• Data shown:
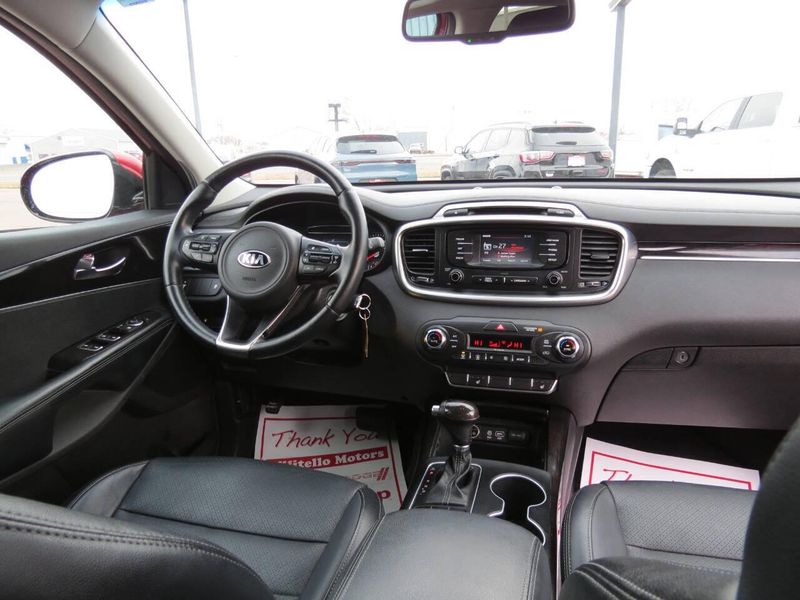 Used 2016 Kia Sorento EX V6 AWD 4dr SUVImage 9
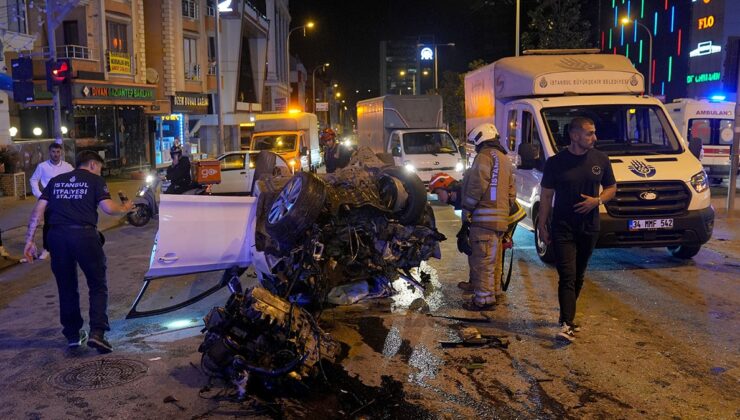 İETT otobüsüyle çarpışan otomobil bu hale geldi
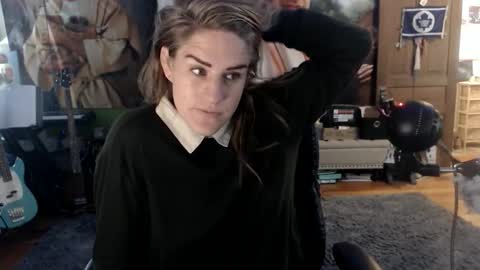 Katie online show from October 15, 3:17 am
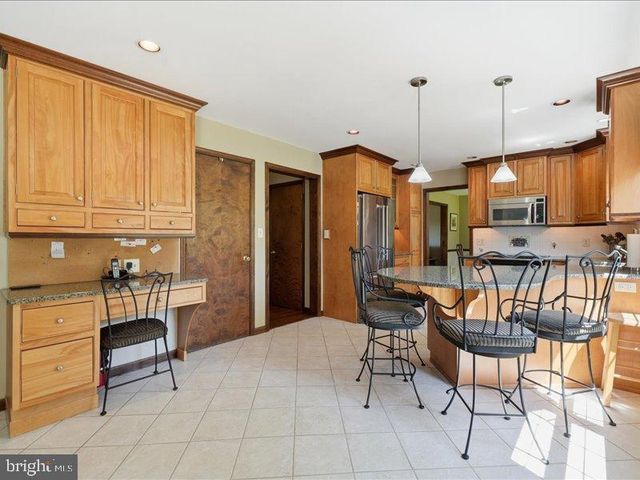 1645 BRACKENVILLE RD, Hockessin, DE 19707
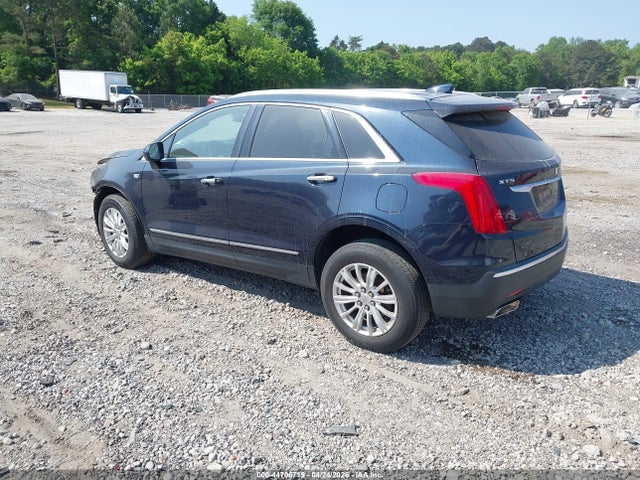 Cadillac XT5 Standard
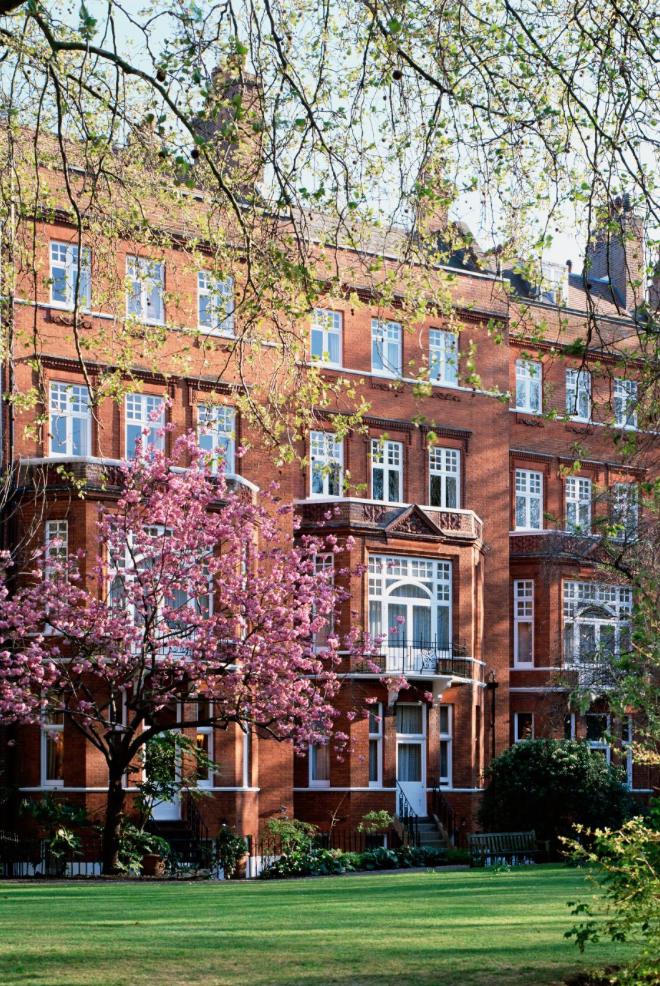 Scrumpdillyicious The Draycott A Timeless Classic by Sloane Square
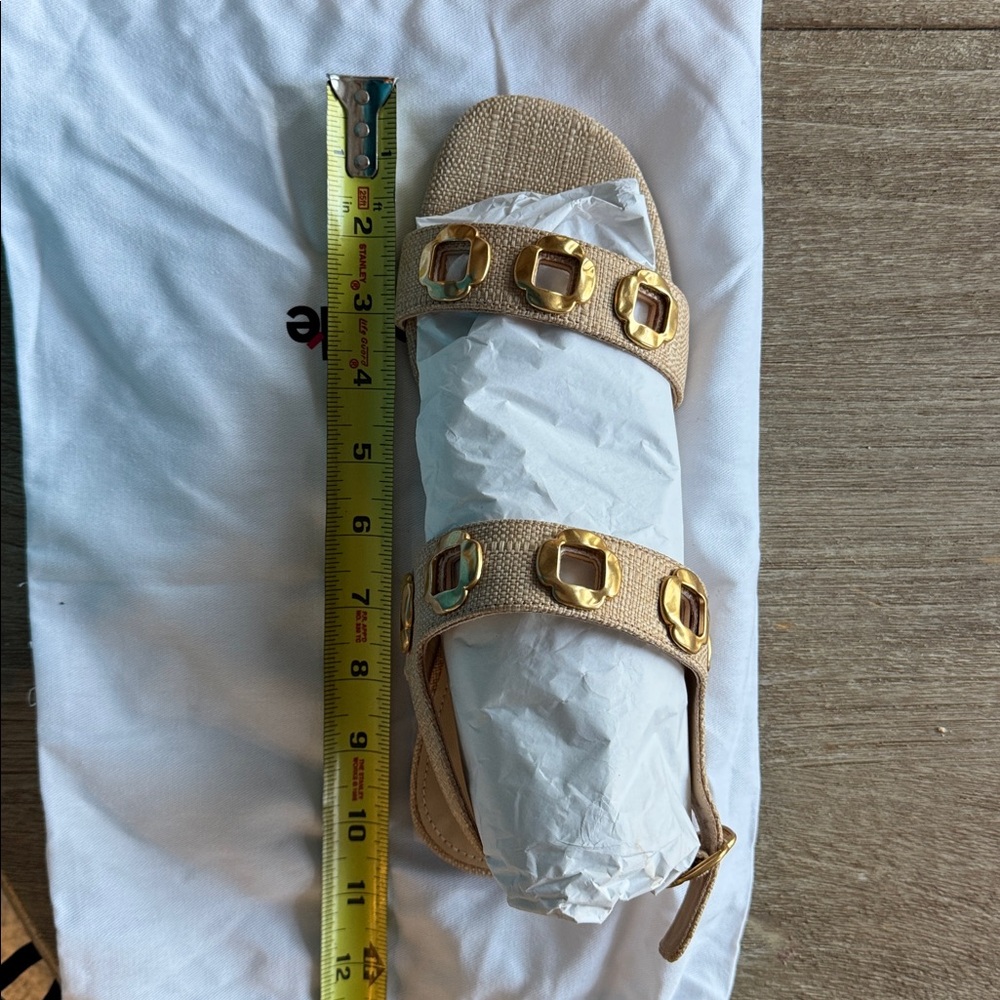 **NIB** Larroude Milan Flat Sandal In Beige Raffia - Picture 14 of 14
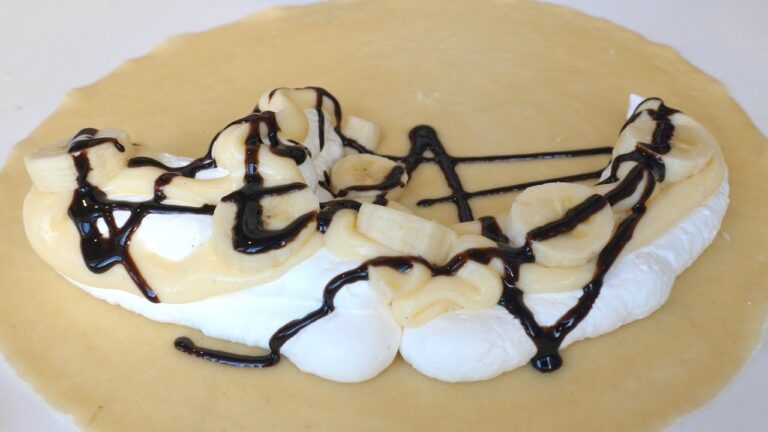 めがねのスズメクレープ職人 きな粉、米粉を独自ブレンド チョコバナナカスタードホイップ 黒蜜きな粉 CREPE&BAR CHUN'S japanese street food creamy crepe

• What is being asked:
Every entry, word for word, should be given again; the pictures are not part of the copy.

• Output of the task:
 Used 2016 Kia Sorento EX V6 AWD 4dr SUVImage 9
 İETT otobüsüyle çarpışan otomobil bu hale geldi
 Katie online show from October 15, 3:17 am
 1645 BRACKENVILLE RD, Hockessin, DE 19707
 Cadillac XT5 Standard
 Scrumpdillyicious The Draycott A Timeless Classic by Sloane Square
 **NIB** Larroude Milan Flat Sandal In Beige Raffia - Picture 14 of 14
 めがねのスズメクレープ職人 きな粉、米粉を独自ブレンド チョコバナナカスタードホイップ 黒蜜きな粉 CREPE&BAR CHUN'S japanese street food creamy crepe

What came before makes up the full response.